The GR Yaris is a proper pocket rocket with 200 kiloWatts of power, a thrusting 370 Newton-metres of torque, a weight of just 1280 kilograms and a 0-100km/h sprint time of 5.2 seconds.
The car is a direct spin-off from Toyota’s winning work in the World Rally Championship, starting with its unique three-door hatchback body and all-wheel drive, and will be campaigned in Australia in 2021 by Harry and Lewis Bates.
The best thing about the GR Yaris, in sharp contrast to the 44 per cent increase in the showroom sticker for the basic Yaris hatch, is a subsidised starting price of $39,950 including on-road costs.
Toyota Australia is splashing around $10 million on the Gazoo Racing headliner, spending the money on everything from the launch pricing to ownership packages and the ARC competition program.

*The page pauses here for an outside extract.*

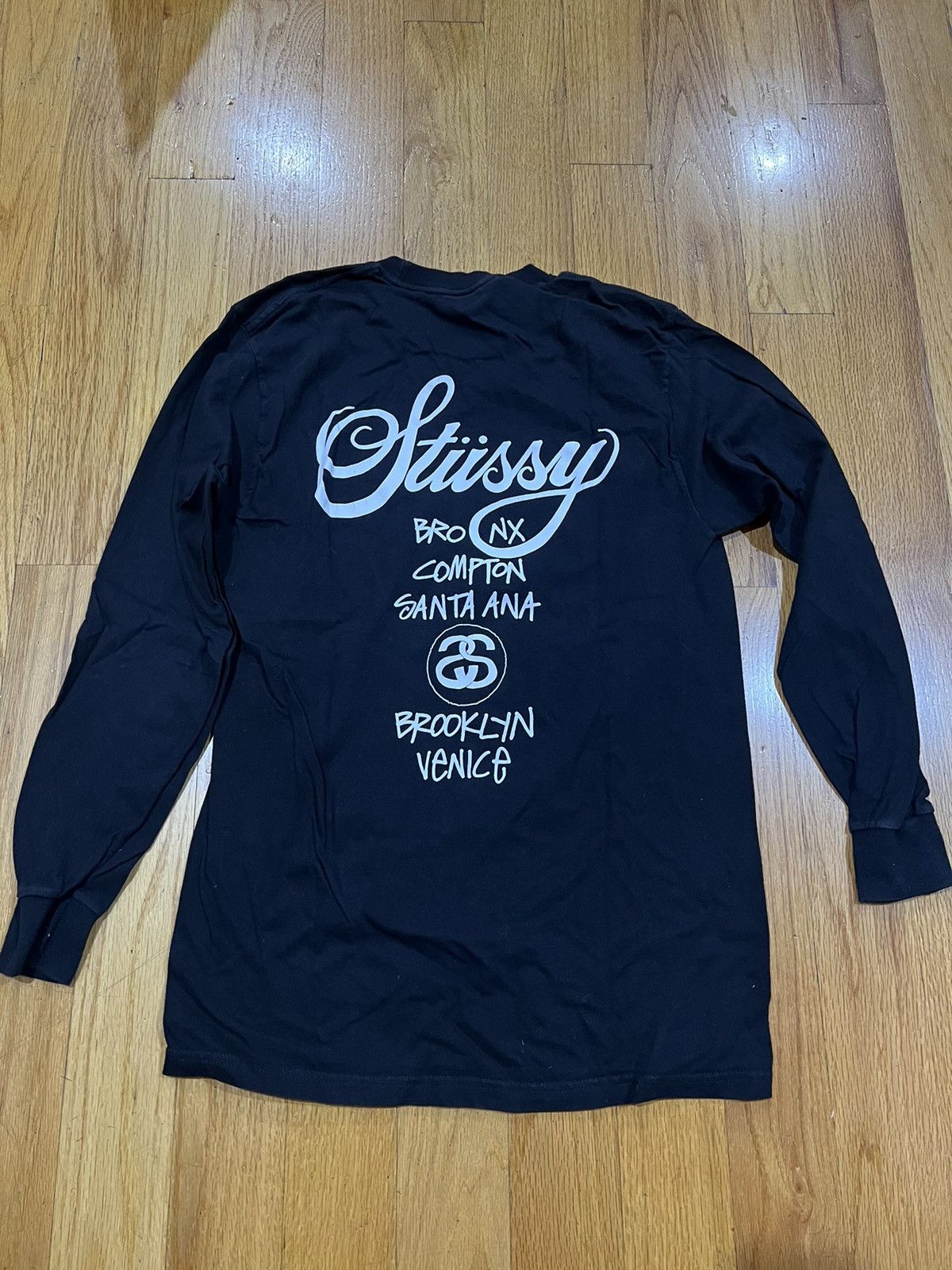 Stussy Stussy World Tour L/S T-Shirt 2017 Size US M / EU 48-50 / 2 - 4 Thumbnail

The $39,950 pricetag will apply to the first 1000 cars sold in Australia, after which Toyota Australia says the showroom sticker will be $49,500, not including on-roads.
But there will also be an even-hotter model, the Rallye, picking up the parts from the Performance Pack – track-tuned suspension, front and rear Torsen limited-slip differentials, 18-inch BBS alloys and Michelin Pilot Sport 4S tyres – to follow sometime in 2021. With the emphasis currently on the starter car, and not the limited run of 250 Rallye models, Toyota is not talking about a price.
But it is happy to trumpet a car which finally gives it proper sporting credentials and has a Toyota heritage, unlike the Supra which is a re-bodied and re-badged BMW Z4.
“GR Yaris is 100 per cent Toyota. It has the heart and soul of a rally car,” says the marketing vice-president of Toyota Australia, Sean Hanley.
“In the pats we would take a production car and adapt it to motorsport. This GR Yaris is slightly different … the first model to reverse that process.”
It’s also the genuine launchpad for the Gazoo Racing sub-brand, again unlike the Supra, and is intended to bring new and younger buyers to Brand T.
“We definitely want this GR brand to be as well known in Australia as it is in Europe and Japan,” says Hanley.
“It’s a very powerful message from Toyota and our GR direction going forward. We’re preparing to take the next step.”
The obvious historical rival to the GR Yaris is the Subaru WRC, but Hanley sees it more as competitor to the Honda Civic Type R, Renault Megane RS and Volkswagen Golf R.
“It is the most affordable pure performance car on the Australian market,” says Hanley.
Toyota Australia will be taking orders for the car from next Wednesday, September 23, and there will even be a 20-cent fuel subsidy for the earliest adopters.